[Stored dataset items]
========================================

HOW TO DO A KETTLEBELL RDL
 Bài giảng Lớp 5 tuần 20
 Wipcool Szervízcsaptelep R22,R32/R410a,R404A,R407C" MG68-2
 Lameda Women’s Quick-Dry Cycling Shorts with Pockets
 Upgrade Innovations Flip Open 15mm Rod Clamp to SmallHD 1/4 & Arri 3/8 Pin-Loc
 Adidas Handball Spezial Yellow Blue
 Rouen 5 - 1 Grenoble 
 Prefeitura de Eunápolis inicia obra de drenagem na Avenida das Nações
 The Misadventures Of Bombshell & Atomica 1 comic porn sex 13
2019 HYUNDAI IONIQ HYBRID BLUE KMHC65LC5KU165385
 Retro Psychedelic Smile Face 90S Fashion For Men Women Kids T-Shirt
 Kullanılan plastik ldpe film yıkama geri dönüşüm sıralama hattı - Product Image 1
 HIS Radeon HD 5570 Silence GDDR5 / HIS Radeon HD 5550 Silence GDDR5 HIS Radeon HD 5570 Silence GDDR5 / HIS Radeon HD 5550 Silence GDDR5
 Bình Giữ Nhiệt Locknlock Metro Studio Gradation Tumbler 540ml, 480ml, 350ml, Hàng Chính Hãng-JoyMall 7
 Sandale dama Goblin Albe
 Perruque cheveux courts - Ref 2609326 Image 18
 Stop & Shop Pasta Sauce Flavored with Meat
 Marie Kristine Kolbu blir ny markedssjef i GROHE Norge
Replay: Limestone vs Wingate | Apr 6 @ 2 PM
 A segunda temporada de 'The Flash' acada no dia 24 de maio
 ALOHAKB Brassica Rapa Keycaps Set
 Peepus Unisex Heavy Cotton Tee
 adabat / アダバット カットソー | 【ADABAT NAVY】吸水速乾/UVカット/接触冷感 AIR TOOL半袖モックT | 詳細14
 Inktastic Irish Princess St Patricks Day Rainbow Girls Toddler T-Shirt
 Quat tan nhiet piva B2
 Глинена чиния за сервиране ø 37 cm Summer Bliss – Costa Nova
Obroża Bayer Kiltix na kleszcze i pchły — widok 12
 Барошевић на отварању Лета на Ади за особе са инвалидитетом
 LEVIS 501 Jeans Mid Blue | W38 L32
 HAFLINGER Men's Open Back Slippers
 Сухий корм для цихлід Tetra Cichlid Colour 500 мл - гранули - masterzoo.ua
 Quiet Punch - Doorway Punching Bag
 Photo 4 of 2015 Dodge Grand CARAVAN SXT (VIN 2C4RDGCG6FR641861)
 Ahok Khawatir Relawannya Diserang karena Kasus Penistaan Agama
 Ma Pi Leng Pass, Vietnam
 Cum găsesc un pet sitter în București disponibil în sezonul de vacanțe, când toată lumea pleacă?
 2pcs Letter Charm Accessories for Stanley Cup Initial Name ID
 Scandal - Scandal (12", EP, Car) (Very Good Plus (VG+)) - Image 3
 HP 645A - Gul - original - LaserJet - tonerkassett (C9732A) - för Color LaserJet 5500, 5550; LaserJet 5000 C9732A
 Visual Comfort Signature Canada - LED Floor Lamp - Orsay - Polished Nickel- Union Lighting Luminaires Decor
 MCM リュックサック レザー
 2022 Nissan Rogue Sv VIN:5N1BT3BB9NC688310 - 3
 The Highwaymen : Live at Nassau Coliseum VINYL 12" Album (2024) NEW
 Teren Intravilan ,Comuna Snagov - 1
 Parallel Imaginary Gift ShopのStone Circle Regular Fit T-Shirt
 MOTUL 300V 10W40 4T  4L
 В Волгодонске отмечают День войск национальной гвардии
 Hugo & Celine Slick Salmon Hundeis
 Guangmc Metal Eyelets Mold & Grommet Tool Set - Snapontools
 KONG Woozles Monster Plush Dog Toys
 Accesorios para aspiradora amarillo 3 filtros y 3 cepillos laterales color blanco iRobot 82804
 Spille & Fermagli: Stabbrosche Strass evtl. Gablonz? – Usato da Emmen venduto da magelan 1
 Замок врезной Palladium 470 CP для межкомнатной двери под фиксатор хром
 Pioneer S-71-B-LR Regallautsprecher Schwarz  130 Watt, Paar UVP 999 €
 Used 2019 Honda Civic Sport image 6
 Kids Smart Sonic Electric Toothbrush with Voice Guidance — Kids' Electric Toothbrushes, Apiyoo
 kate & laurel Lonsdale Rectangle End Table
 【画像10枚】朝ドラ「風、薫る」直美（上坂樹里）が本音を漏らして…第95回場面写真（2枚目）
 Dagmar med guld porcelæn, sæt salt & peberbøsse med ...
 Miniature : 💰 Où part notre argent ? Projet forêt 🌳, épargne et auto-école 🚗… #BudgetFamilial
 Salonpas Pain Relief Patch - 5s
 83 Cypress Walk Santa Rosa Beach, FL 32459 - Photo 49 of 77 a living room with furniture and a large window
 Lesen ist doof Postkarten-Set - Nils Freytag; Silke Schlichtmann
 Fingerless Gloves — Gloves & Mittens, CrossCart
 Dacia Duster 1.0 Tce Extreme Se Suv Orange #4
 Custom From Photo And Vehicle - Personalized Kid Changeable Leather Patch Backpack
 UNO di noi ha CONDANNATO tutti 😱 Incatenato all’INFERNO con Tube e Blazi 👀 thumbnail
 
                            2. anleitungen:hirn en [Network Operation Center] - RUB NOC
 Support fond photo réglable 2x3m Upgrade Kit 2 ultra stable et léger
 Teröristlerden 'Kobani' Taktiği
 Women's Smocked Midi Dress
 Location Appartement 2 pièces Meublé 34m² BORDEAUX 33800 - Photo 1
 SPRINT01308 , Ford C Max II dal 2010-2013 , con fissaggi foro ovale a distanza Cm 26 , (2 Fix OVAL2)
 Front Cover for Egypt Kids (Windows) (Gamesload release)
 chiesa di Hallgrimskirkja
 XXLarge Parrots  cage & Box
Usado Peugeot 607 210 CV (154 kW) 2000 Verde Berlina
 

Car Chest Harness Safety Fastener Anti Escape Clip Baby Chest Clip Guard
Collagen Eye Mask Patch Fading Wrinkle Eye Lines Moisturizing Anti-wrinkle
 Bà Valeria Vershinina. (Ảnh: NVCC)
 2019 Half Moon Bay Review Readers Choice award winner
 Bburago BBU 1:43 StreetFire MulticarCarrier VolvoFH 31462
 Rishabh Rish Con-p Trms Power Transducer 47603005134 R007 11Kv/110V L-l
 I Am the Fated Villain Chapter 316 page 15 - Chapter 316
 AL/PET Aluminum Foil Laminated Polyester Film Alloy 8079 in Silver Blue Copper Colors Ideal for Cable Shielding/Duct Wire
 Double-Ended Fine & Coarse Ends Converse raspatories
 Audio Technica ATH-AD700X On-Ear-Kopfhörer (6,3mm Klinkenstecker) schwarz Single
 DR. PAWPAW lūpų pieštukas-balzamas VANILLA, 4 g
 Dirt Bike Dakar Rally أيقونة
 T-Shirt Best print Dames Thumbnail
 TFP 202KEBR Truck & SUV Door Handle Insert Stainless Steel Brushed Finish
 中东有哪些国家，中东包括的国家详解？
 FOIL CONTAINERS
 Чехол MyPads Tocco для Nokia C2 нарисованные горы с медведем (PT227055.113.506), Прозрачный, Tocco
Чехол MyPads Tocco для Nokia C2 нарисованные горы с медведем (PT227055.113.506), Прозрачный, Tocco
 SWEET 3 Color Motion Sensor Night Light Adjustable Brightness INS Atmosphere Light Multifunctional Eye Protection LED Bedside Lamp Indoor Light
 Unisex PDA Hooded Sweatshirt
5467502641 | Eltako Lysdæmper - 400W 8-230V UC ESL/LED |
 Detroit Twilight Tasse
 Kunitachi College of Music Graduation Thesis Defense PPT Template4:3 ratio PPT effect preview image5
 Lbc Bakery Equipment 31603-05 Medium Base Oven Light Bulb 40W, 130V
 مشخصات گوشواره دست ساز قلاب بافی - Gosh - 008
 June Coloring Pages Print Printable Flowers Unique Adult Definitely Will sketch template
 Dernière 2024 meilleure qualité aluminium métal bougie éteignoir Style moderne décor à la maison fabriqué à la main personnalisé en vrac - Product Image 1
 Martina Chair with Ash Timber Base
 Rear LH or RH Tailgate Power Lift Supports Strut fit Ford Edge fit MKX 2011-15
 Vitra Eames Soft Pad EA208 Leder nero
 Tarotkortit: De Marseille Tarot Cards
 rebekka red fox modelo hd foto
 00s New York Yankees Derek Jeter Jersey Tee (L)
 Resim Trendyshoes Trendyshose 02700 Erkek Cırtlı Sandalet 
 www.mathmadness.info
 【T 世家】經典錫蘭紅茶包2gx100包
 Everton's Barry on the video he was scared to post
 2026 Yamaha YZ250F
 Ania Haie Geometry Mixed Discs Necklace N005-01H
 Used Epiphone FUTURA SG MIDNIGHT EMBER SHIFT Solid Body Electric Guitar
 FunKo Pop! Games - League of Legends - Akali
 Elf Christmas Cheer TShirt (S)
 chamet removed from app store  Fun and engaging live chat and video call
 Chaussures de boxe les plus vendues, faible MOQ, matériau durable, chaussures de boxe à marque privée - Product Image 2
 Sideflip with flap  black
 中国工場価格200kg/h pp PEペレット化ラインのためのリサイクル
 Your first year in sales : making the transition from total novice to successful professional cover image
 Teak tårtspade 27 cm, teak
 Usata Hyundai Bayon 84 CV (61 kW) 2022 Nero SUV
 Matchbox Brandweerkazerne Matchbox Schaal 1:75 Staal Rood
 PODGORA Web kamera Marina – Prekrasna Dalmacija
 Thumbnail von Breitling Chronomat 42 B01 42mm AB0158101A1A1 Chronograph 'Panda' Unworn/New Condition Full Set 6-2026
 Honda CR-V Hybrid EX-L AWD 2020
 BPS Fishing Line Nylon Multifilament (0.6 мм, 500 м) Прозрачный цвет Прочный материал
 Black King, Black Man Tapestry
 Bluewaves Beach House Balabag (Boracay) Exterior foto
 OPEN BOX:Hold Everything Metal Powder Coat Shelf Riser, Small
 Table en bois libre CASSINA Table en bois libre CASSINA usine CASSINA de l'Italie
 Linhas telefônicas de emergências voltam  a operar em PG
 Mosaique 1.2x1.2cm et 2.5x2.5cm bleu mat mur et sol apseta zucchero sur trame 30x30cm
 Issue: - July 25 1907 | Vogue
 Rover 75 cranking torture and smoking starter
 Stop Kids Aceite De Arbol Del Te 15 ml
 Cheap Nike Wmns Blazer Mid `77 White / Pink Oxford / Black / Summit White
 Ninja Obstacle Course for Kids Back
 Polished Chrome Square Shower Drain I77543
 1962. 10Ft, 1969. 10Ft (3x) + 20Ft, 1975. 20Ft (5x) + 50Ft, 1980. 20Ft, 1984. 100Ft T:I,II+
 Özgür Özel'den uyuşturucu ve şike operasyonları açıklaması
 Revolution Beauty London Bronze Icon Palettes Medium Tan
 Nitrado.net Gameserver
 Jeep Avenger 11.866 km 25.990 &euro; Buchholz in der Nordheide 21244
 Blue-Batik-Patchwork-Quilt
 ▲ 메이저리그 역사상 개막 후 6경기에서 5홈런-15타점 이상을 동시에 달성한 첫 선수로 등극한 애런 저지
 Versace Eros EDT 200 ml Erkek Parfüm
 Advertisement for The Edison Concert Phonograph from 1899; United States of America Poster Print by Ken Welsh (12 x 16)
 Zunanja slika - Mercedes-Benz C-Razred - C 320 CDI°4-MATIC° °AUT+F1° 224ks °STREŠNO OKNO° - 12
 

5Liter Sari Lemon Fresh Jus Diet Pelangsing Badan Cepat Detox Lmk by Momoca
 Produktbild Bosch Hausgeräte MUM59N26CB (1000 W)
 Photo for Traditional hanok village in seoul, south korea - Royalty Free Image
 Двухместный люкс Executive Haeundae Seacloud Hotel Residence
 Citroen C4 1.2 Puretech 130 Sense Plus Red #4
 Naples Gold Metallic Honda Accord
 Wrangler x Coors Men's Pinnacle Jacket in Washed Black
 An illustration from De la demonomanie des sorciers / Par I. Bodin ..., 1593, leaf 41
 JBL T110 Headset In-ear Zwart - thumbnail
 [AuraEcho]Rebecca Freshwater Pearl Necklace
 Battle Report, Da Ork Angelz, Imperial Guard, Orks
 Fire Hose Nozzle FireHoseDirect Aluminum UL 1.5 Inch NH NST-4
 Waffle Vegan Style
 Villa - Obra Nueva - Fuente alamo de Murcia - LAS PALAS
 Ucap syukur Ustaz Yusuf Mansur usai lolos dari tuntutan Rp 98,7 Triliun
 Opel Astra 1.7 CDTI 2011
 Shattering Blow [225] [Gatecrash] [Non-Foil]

========================================

(Exercise directions):
Verbatim reproduction is required for the line holding "An illustration from" and for every line after it in the records, with no other line included.

(Written reply):
 An illustration from De la demonomanie des sorciers / Par I. Bodin ..., 1593, leaf 41
 JBL T110 Headset In-ear Zwart - thumbnail
 [AuraEcho]Rebecca Freshwater Pearl Necklace
 Battle Report, Da Ork Angelz, Imperial Guard, Orks
 Fire Hose Nozzle FireHoseDirect Aluminum UL 1.5 Inch NH NST-4
 Waffle Vegan Style
 Villa - Obra Nueva - Fuente alamo de Murcia - LAS PALAS
 Ucap syukur Ustaz Yusuf Mansur usai lolos dari tuntutan Rp 98,7 Triliun
 Opel Astra 1.7 CDTI 2011
 Shattering Blow [225] [Gatecrash] [Non-Foil]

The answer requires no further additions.